━━━ PROVIDED RECORDS ━━━

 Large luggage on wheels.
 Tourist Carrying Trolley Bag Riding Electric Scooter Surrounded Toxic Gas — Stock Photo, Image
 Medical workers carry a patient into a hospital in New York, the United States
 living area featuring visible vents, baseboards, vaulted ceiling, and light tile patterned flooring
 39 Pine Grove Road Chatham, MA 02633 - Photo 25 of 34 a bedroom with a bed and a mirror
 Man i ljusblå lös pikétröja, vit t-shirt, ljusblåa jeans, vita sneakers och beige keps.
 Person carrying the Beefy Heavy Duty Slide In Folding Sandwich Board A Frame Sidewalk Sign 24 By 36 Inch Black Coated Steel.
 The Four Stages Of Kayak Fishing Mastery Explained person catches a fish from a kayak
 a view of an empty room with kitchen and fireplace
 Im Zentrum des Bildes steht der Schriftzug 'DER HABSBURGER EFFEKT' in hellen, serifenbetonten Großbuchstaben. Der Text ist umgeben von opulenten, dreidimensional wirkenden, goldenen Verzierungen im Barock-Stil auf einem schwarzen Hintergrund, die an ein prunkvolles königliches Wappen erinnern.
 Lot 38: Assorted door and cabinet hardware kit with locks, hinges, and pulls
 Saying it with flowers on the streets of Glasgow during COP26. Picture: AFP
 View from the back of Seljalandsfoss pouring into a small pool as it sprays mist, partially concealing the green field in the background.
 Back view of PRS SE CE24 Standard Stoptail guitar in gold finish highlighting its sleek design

━━━

--- EXERCISE ---
In the records above, the line with "living area featuring" marks the start and the line with "39 Pine Grove" marks the end; copy that stretch exactly, both lines included, and nothing else.

--- ANSWER TO THIS EXERCISE ---
 living area featuring visible vents, baseboards, vaulted ceiling, and light tile patterned flooring
 39 Pine Grove Road Chatham, MA 02633 - Photo 25 of 34 a bedroom with a bed and a mirror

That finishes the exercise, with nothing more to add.